Government-run projects will realistically cross over into the commercial sector too. With the NHS database, the plan is that once genetic data has been gathered—and the Health Secretary has recommended that all children have their DNA sequenced at birth—this data will be added to a national database.
However, the NHS has a history of selling information to third parties, including drug and insurance firms. The government has also liaised with Google before about displaying hospital stats in its search results. That time, Google pulled out due to public backlash. But the search giant does seem to have an interest in the market for genetic data, and has for instance shown geneticists how to upload DNA data to the cloud.
The increased likelihood of commercialization of your genetic data is not helped by the “hype around the idea that we should all get our genome sequenced in the first place.” Wallace continued. “In fact, most of the scientific evidence is suggesting this is very useful for some people with rare genetic disorders for or high familal risk for breast cancer, but it's not actually useful as a screening tool for predicting susceptibility to common disease.”
It is of course in the interest of those who make money from genetic data to make “that market as big as possible,” she said.
ETHICS AND REGULATION
Here's one ethical quandary: If your genetic data can reveal intimate details about your family, shouldn't you obtain their consent before you have your own genome sequenced?
“If I'm getting my whole genome sequenced, and then joining a biobank [a programme that stores your biological data for research or commercial purposes], that information about me is going to have relevance to my brothers for sure,” health law expert Caulfield said. As for whether you're currently required then to get their consent, “The answer is, no you don't. There's no technical, legal reason to do that." But then, he said, that might make you ask, “Is the law appropriate?”
"If I'm getting my whole genome sequenced, and then joining a biobank, that information about me is going to have relevance to my brothers for sure."

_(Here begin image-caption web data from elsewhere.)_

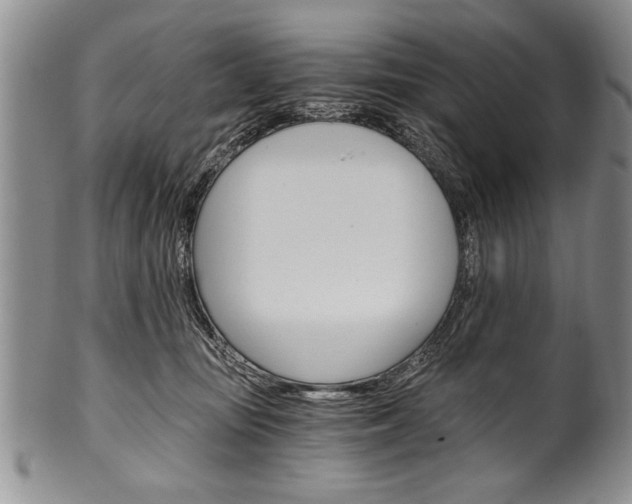 X0000101120371200806261051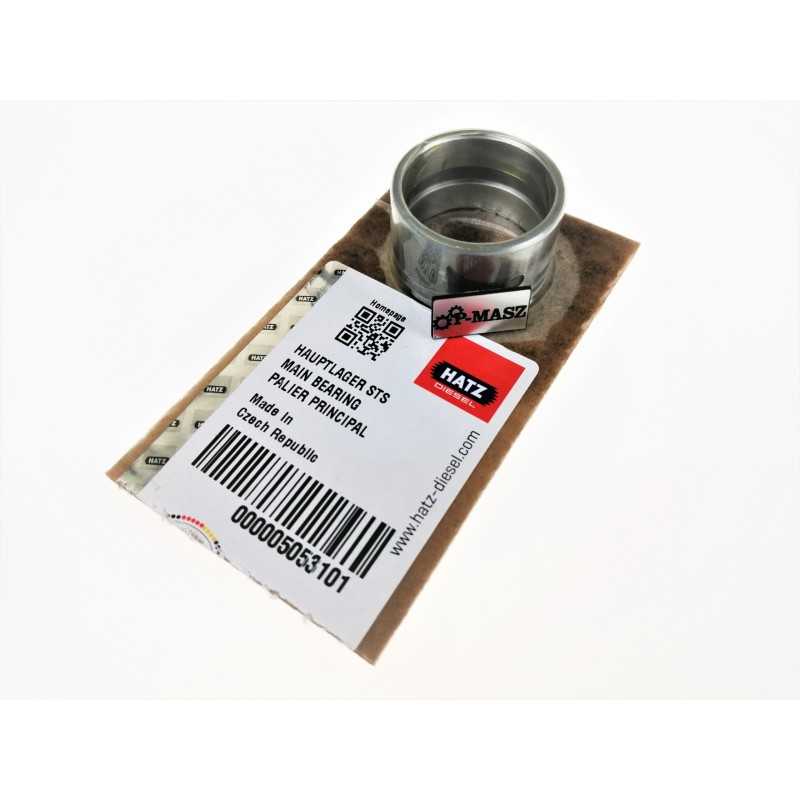 Hatz 1b20 1b30 pagrindinio veleno guolis std 05053101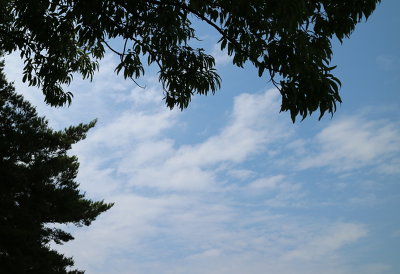  望雲之情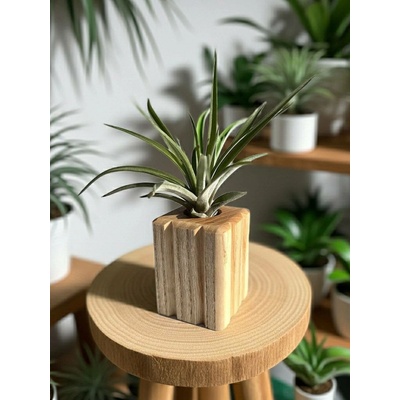 WoodenBotanery Stojan na tilandsii Cube I jasan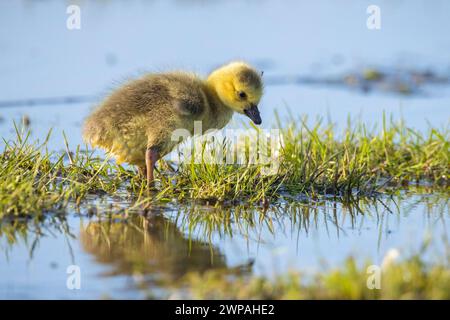 Primo piano di una gallina d'oca canadese, Branta canadensis, con riflesso, che nuota in uno stagno. Foto Stock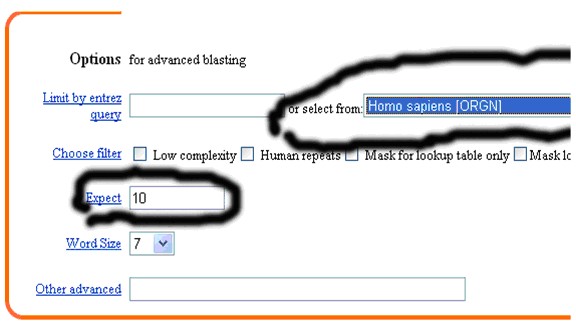 一步步教你利用Blast分析驗證引物序列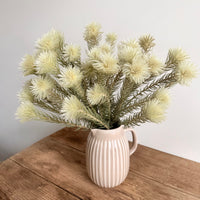 Naturally Dried Philyca Flowers - natural green beige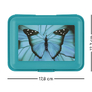 BAAGL Box na svačinu Butterfly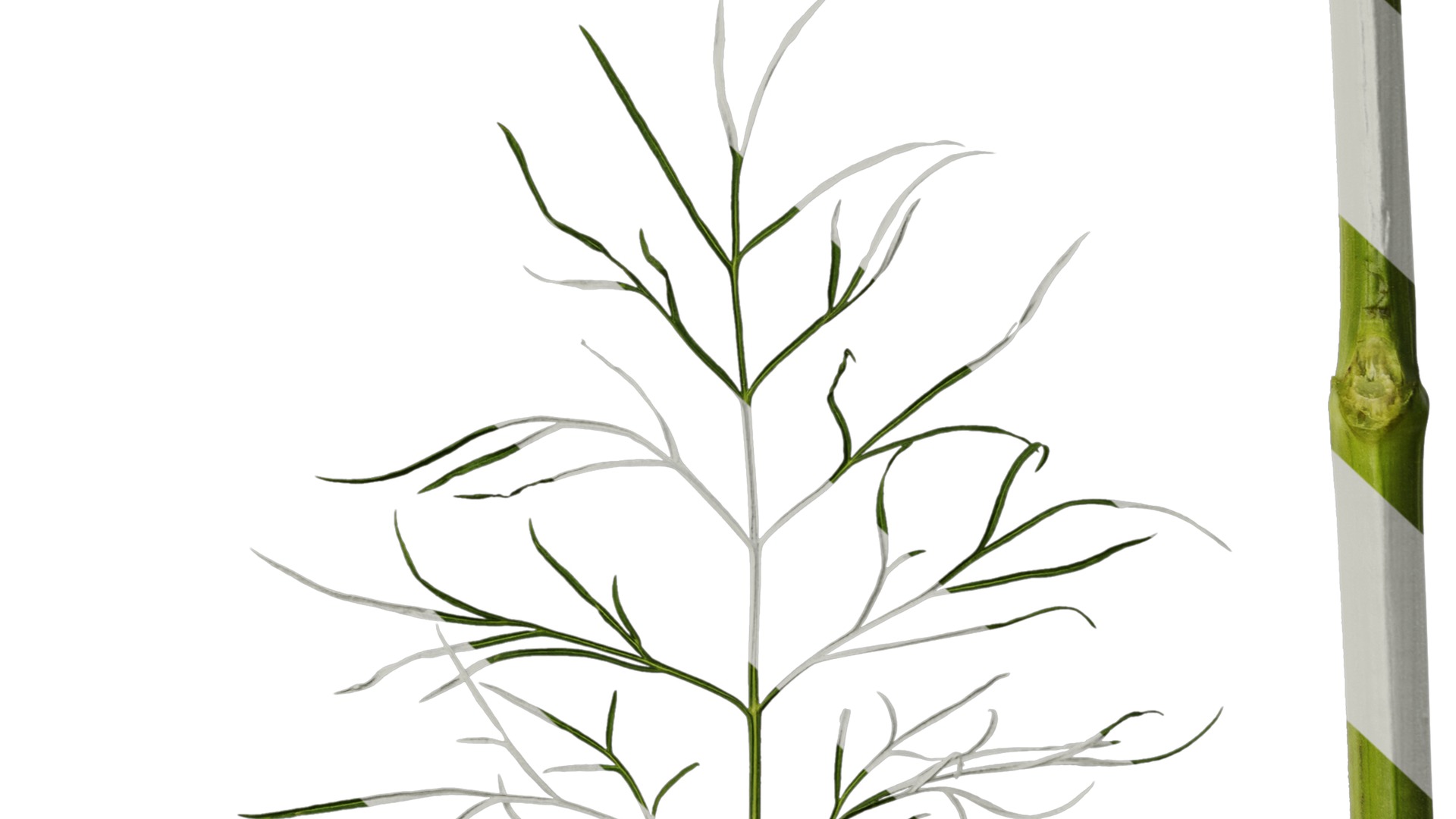 Anydrafts Cosmos bipinnatus Leaf 03 Texture_6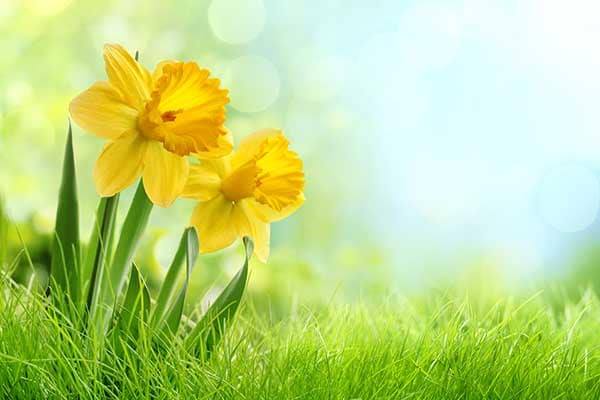 Daffodil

A more personal decision that needs to be considered is that this data will be stored or worked on for longer than your lifetime, and that of your relatives. As Caulfield pointed out, giving up your genetic data results in you “donating your biological story for a very long period of time.”
This leads onto what legal protections should be in place for all of this data. One of the problems plaguing privacy laws already is the huge variation in them across the planet. That becomes an even greater problem when data is being accessed by researchers from different parts of the world. “One of the underlying themes of big data is that the data will be available anywhere,” Caulfield said.
There are attempts at a harmonization of laws that would mitigate this. A powerful new data protection law is being passed in Europe, for instance—but it is yet to gain support from the UK government.
Caulfield pointed out that it's important whatever laws are applied to genetic data are balanced. “You can also get an over-reaction,” he said. “We saw that with cloning, for example," Research in that domain was stifled in the US and Europe while it blossomed in countries with different regulations, such as China.
“Having evidence-based, informed laws is really important,” Caulfield said. Similar to protections for facial recognition information, and even more basic biometric data such as fingerprints, legal protections specifically crafted for genetic data are in their infancy. It is “a very complicated issue, and one that needs more investigation,” he concluded.